Actually most of it can be seen here already: https://www.gbif.org/dataset/64dabd3c-4f34-4520-b9dd-d227a0bf1582#dataDescription

But I definitely agree that the reason for the 4 failed crawling attempts would be valuable information

thomasstjerne commented 7 years ago

See also https://github.com/gbif/portal16/issues/448

MortenHofft commented 7 years ago

The reasons for failed attempts are not available in the API is it? @mdoering is there information in the API that you believe we should expose? http://api.gbif.org/v1/dataset/64dabd3c-4f34-4520-b9dd-d227a0bf1582/process

A history of number of records over time and maybe issues would also be useful.

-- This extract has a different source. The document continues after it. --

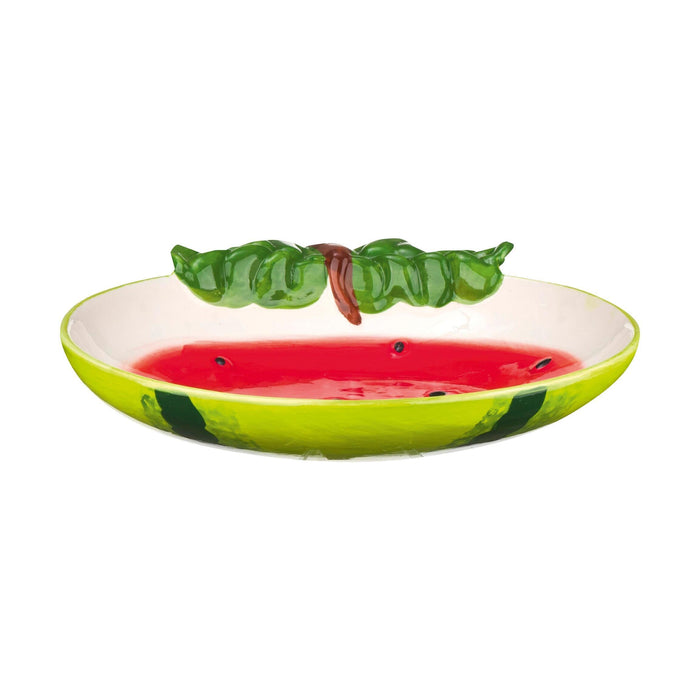 Prato Redondo Melancia-Kasa-Home Story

that is not information we have at this point is it? I can see how it would be useful. I'm labelling this as an API suggestion for now. Please correct me if the information is already there

mdoering commented 7 years ago

For records over time we have various numbers per crawl, e.g. fragmentsEmitted is what we find in the raw data. Maybe its worth showing this in a graph for the successful crawls?

For checklists we store these metrics for every version indexed. Just can't see how they are expose right now apart from the latest: https://api.gbif.org/v1/dataset/7ddf754f-d193-4cc9-b351-99906754a03b/metrics

MattBlissett commented 5 years ago

Some of this is available on the Management Tools: https://management-tools.gbif.org/ , and users whose email matches those listed for the dataset/installation/organization/node will see links from the dataset page to the relevant tools.